Salima Naji n’est pas simplement une architecte de talent. Elle est porteuse d’une vision : celle d’un Maroc enraciné dans son identité, mais résolument tourné vers l’avenir. À travers ses projets de valorisation du patrimoine – kasbahs, greniers, villages fortifiés – elle milite pour une architecture éthique, résiliente et ancrée dans les savoir-faire locaux.
Son travail repose sur des matériaux issus du sol marocain, adaptés aux contraintes climatiques et sismiques. Il conjugue durabilité écologique et durabilité culturelle. Une double exigence que l’urbanisme contemporain ignore souvent au profit d’une logique importée, énergivore, déconnectée du territoire.
Mais cette distinction internationale soulève une question cruciale : et si le Maroc détenait déjà les clefs de son propre modèle de développement ?
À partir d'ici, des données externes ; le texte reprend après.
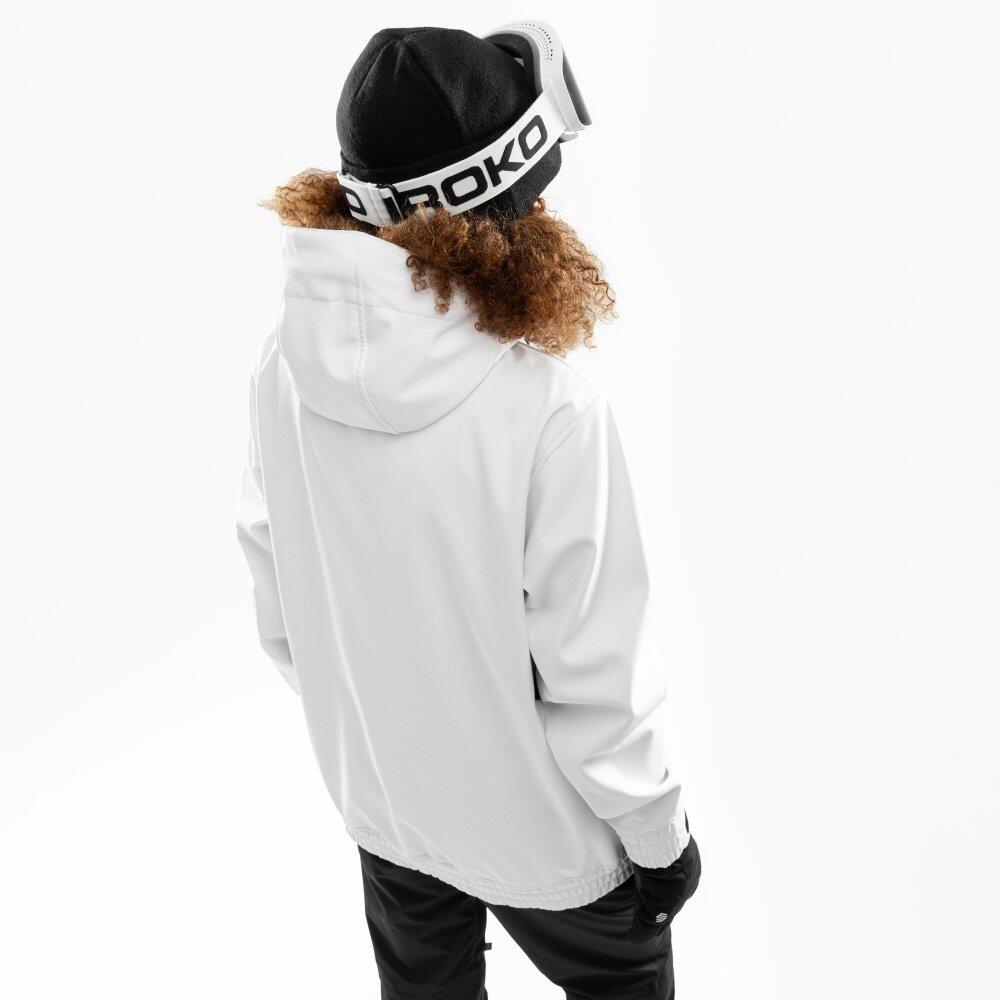 Damska kurtka snowboardowa Sporty zimowe SIROKO W3-W Antarctica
Quand la souveraineté commence par la brique locale
Dans sa tribune, Aziz Rabbah rappelle avec insistance l’importance stratégique de l’ »option marocaine » dans les politiques publiques d’investissement, d’urbanisme et d’aménagement. Ce plaidoyer n’est pas nouveau : en 2012, en tant que ministre de l’Équipement, il avait imposé la préférence nationale dans les marchés publics, faisant passer la part des entreprises marocaines de 37% à plus de 90% dans certains secteurs comme les routes, les barrages ou les ports.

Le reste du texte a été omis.